* _THE DATA_

Content starts

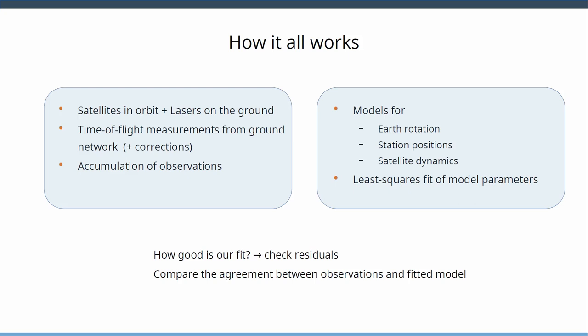On the other hand we have the model, the computed branch. We have models that take into account different aspects of earth orientation, of the geometry of the stations and the time variability, and then of course we have everything related to the satellite dynamics and the geodesy. The geeks amongst you will recognize there the three pillars of geodesy: orientation, geometry, and gravity.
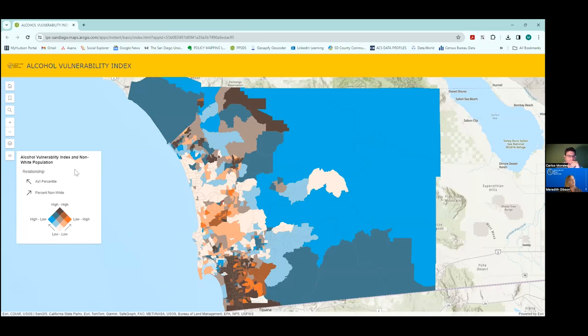Using a percentile is a very useful way of demonstrating to policymakers and community members what's going on.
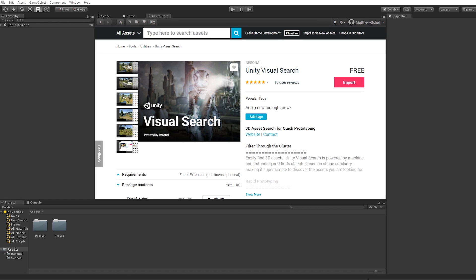In this video we are going to take a look at a cool new way to discover content for your Unity projects.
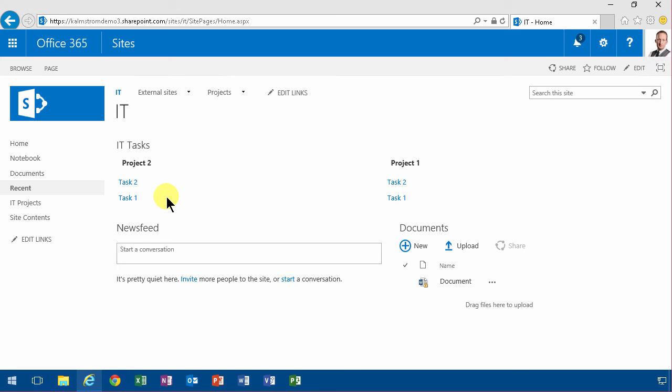Thank you for watching this demonstration which shows you how to use the content query web part which is part of the publishing infrastructure on Office 365 SharePoint Online. Thank you for watching.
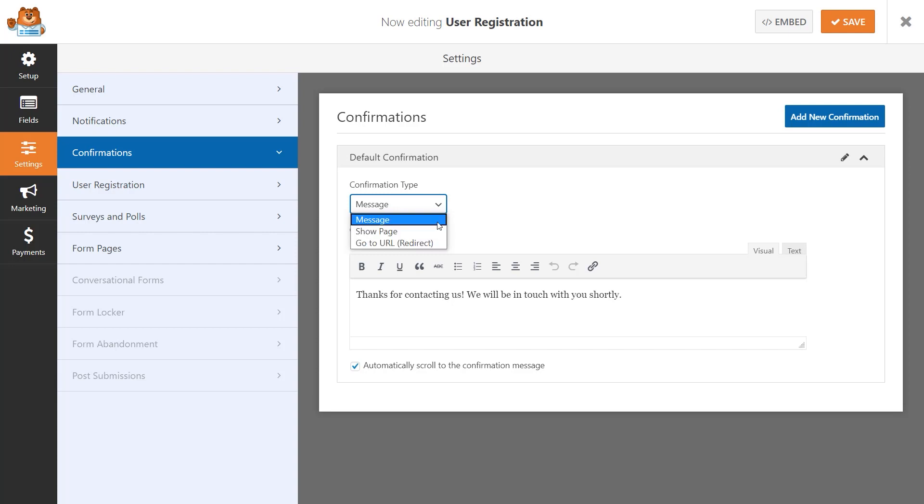Click on the Save button on the top right corner, and we're now ready to embed our user registration form to our site.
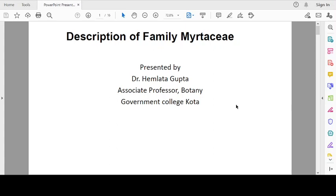Good morning students. In my previous lecture, we discussed family Asteraceae and family Cucurbitaceae. Today, we will discuss family Myrtaceae.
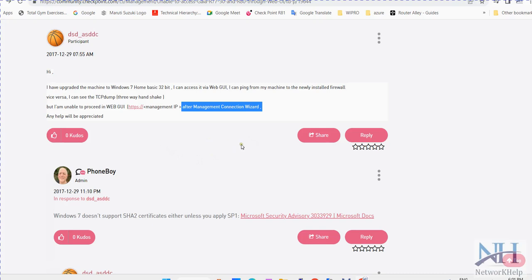You need to create a rule as well so your gateway will listen on that port. On the existing policy, you simply need to enter the port details. After entering, install the policy and try to access it.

Content ends

* _PROBLEM TO WORK ON_
Would you set down, word for word, the lines running from the one that contains "Using a percentile" to the last line of the material, omitting all pictures?

* _ANSWER TO THIS TASK_
Using a percentile is a very useful way of demonstrating to policymakers and community members what's going on.
In this video we are going to take a look at a cool new way to discover content for your Unity projects.
Thank you for watching this demonstration which shows you how to use the content query web part which is part of the publishing infrastructure on Office 365 SharePoint Online. Thank you for watching.
Click on the Save button on the top right corner, and we're now ready to embed our user registration form to our site.
Good morning students. In my previous lecture, we discussed family Asteraceae and family Cucurbitaceae. Today, we will discuss family Myrtaceae.
You need to create a rule as well so your gateway will listen on that port. On the existing policy, you simply need to enter the port details. After entering, install the policy and try to access it.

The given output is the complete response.